The connection between police and the fact that Pickton continued to murder for two decades bears closer scrutiny. The word on the street is that a sex worker went in to the Vancouver Police Department to report her assault the night before at “Piggy’s Palace,” as the Pickton property was known, only to see one of the men from the incident standing on the other side of the counter in VPD uniform. She did not carry through with the report. A more heavily documented connection has appeared in the form of Corporal Jim Brown who, at the same time as working in an official capacity for the Missing Women’s Commission of Inquiry, posed in a staged series of photographs: kidnapping a dark haired woman from the Downtown Eastside of Vancouver; removing her to an isolated area; caging her; threatening her with knives; and showing sexual satisfaction. Brown was based in the RCMP detachment in Coquitlam, the same city where the remains of 49 women were found at Pickton’s pig farm. The Missing Women Commission of Inquiry was examining why it took police so long to catch Pickton. Brown played a “minor role” during the investigation of Pickton, according to VPD. Those connections aren’t questioned in the IACHR report but they include that in his report on the Missing Women Commission of Inquiry, Commissioner Oppal “noted that there were allegations of conspiracy and cover-up on the part of the police forces.” (p.90 #207)

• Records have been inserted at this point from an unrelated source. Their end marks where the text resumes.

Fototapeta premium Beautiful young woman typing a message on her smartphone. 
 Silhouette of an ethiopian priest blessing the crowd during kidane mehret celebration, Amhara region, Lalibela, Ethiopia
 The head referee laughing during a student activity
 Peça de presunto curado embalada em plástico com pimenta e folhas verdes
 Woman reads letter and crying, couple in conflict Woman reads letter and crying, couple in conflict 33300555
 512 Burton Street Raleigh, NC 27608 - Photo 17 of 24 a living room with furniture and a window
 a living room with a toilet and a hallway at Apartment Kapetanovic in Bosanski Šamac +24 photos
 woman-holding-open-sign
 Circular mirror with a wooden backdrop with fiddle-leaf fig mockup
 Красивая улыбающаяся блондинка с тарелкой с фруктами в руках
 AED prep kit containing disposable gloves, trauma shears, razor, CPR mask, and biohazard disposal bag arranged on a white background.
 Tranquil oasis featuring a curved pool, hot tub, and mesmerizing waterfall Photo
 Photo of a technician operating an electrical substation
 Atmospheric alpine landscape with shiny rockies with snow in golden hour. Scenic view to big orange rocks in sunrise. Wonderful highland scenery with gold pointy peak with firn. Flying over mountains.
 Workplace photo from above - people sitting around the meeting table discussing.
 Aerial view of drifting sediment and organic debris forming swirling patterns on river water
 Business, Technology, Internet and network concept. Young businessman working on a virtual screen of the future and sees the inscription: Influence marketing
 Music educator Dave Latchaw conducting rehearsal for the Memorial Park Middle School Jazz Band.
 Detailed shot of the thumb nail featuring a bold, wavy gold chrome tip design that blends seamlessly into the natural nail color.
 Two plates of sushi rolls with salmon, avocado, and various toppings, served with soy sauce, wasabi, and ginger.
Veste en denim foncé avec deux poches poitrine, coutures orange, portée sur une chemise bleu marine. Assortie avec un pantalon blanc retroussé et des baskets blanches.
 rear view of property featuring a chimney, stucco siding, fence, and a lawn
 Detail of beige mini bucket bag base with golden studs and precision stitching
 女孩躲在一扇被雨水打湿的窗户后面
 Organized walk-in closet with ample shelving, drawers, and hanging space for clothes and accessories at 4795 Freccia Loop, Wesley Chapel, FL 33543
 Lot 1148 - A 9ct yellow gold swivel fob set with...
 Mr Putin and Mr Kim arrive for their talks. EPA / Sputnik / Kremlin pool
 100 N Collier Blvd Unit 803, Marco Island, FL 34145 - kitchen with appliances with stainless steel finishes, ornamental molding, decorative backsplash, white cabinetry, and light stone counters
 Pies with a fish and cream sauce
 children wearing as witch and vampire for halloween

The State provided one example of positive developments between RCMP and local people, the E-PANA Task Force which connects RCMP and the Carrier Sekani Family Services, among others. The CSFS at least reported improvements in safety and a positive experience. The Force was focused on increasing the speed of communication between police and community members, public outreach and more, and its funding was all but discontinued last year. The E-Pana task force, an RCMP investigation into eighteen deaths along the Highway of Tears, produced one suspect but was unable to link him to any other murders, most victims were Indigenous women, since it started in 2006 and spent $25 million.

Canadian Law and Discrimination

The Indian Act, and Indian Status, is identified in the report as a major cause of psychological, emotional, cultural and economic harm to indigenous women, leading to their increased vulnerability to predators. Poverty and homelessness are two of the main impacts of Canadian law concerning Indigenous women considered in the report.

Until 1985, indigenous women who married had to transfer their Band membership to the man’s Indian Band. Returning home from a failed marriage would be difficult, as Band membership is connected to eligibility for housing, and housing is inadequate for current needs on the Reserves to the effect that some waiting lists are fifteen years long. Indian women who married non-Indian men lost their Indian Status, they had children who could not be registered as Status Indians, and they lost rights to whatever minimal economic benefits may have come from Band membership. Although changes have been made, since 1985, to reverse some of these exclusions, the Indian Act “fails to fully address remaining concerns about gender equality.” (p 41, #68)

The resulting homelessness has been a major factor in exposing indigenous women to assault. Homelessness also makes all kinds of personal development, including economic and social, unreachable.

Canada has a very large carpet especially designed for sweeping problems connected to Indigenous Peoples under. It stretches out between the power of the federal government concerning aboriginal people, or Indians, and the provinces’ power over matters which affect aboriginal people. Sometimes, as in the case of on-reserve social services, only the federal government is involved – and other times, for instance when enforcing laws of general application, the province is involved. When there is a problem, an issue, or even a crisis of these proportions being studied here, the two governments can both refuse responsibility on the grounds that the problem is within the other’s jurisdiction. The State’s use of this trick was identified many times as having played a part in the ongoing nature of murders and disappearances of Indigenous women across Canada.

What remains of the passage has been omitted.